One possibility is that ADF respects Farris’s record as a homeschooling champion and sees him as an asset to its aggressive promotion of “school choice” (vouchers) – an agenda that will likely prosper un­der the Trump administration.

But there’s a wrinkle here. Farris has historically opposed school vouchers in favor of homeschooling. Federal funding ties voucher schools to the state, and this is incompatible with Farris’ vision of a theologically purified America. This doesn’t mean ADF is going to stop litigating voucher cases now that Farris is its president – it just means that school choice probably isn’t the reason they hired him. The second, and far more likely possibility, is that ADF and Farris are focused on a bigger prize: a constitutional convention.
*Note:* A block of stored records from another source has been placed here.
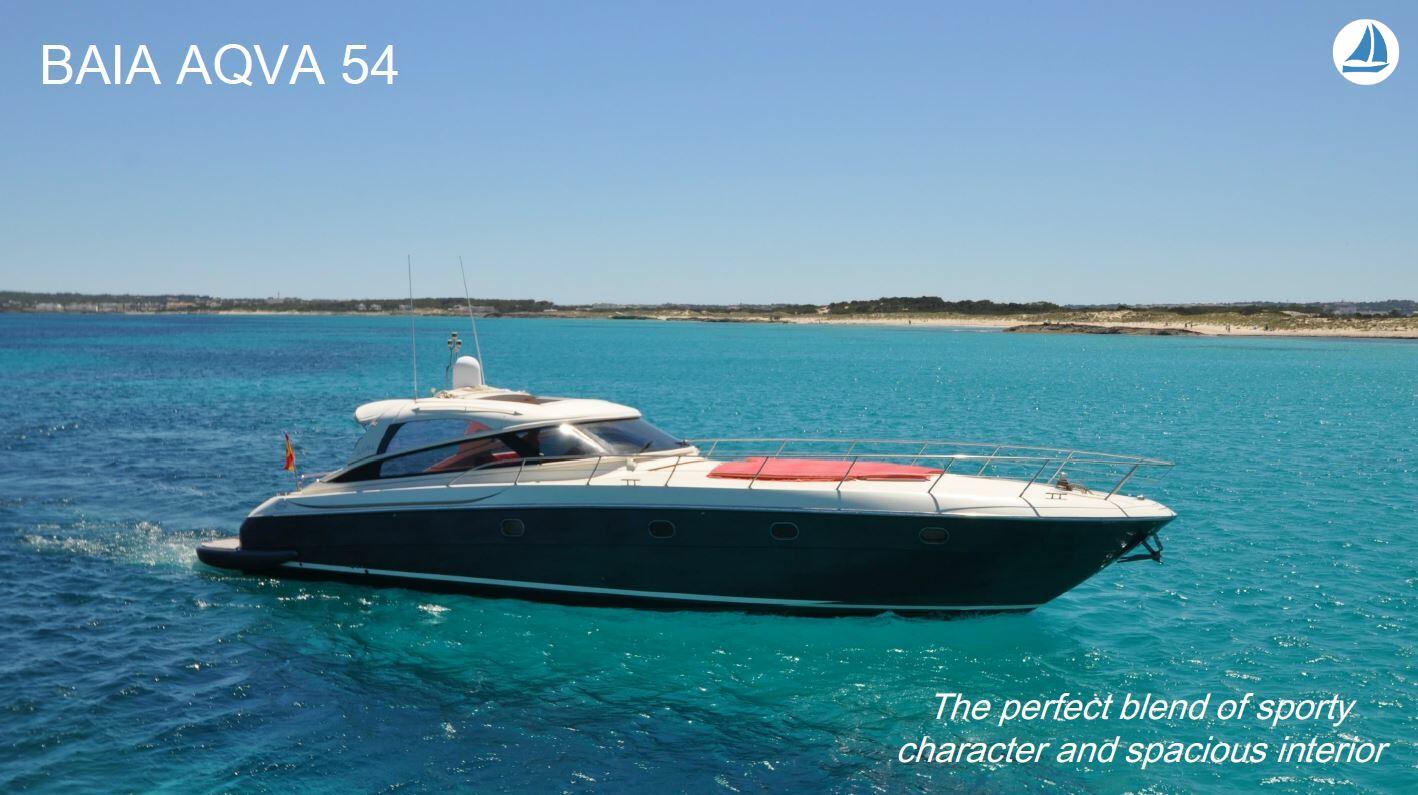 照片 Baia AQUA 54 8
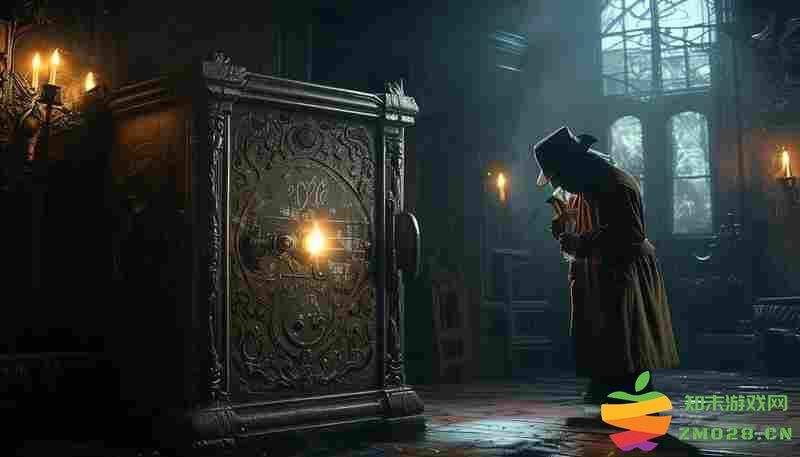 遗迹2精神病院保险箱密码获取全流程攻略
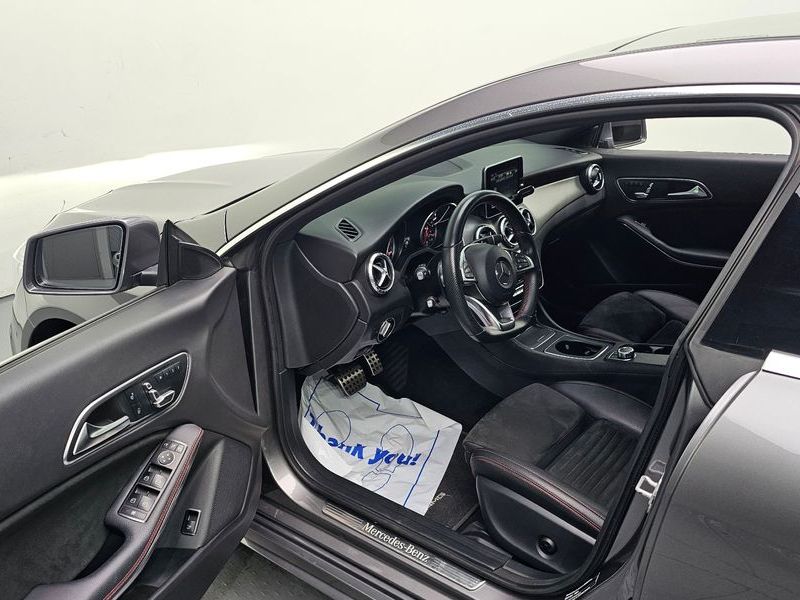2018 Mercedes-Benz A-Class CLA220 AMG Line photo 10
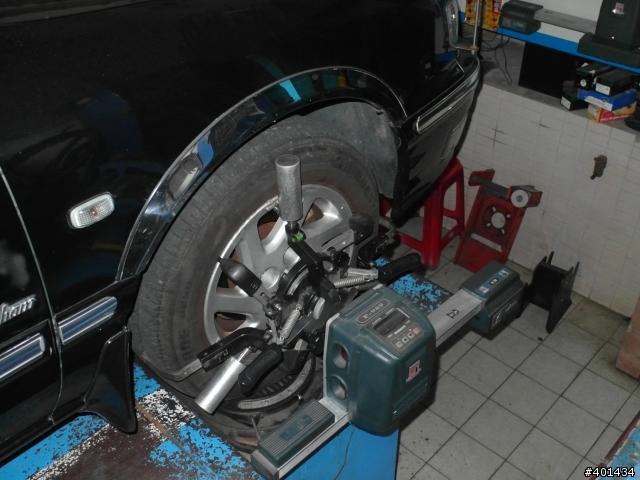 【車語生活】1996年初 第一代Cefiro A32 VQ20DE 2 .0升 ABS車型 現役開箱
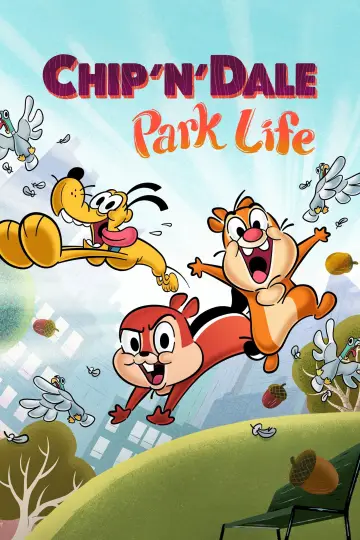 Plakat к сериалу "Chip i Dale: parkowe psoty" #1378083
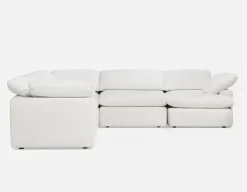 HELIO contemporary modular sectional sofa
As I first reported for Church & State in an April 2014 story titled “Faux Founders,” Farris has long campaigned for a so-called “convention of the states.” With Mark Meckler, founder of Citizens for Self-Governance, Farris has spent years quietly lobbying state legislators to call for a new Constitutional Convention (sometimes known as a “con-con.”) It’s a lot of work, too. According to Article V of the U.S. Constitution, 34 state legislatures have to call for a Constitutional Convention in order for it to be convened.

In 2014 – what halcyon days – this seemed like another of Farris’s many fringe projects. Specifically, it seem­ed like a new and doomed way to push his beloved “Parental Rights Amendment,” which would make home­schooling a constitutional right. Despite his diligence, and some existing support for the idea within the GOP (40 Republican representatives introduced a parental rights measure in 2009), it’s obviously come to nothing so far.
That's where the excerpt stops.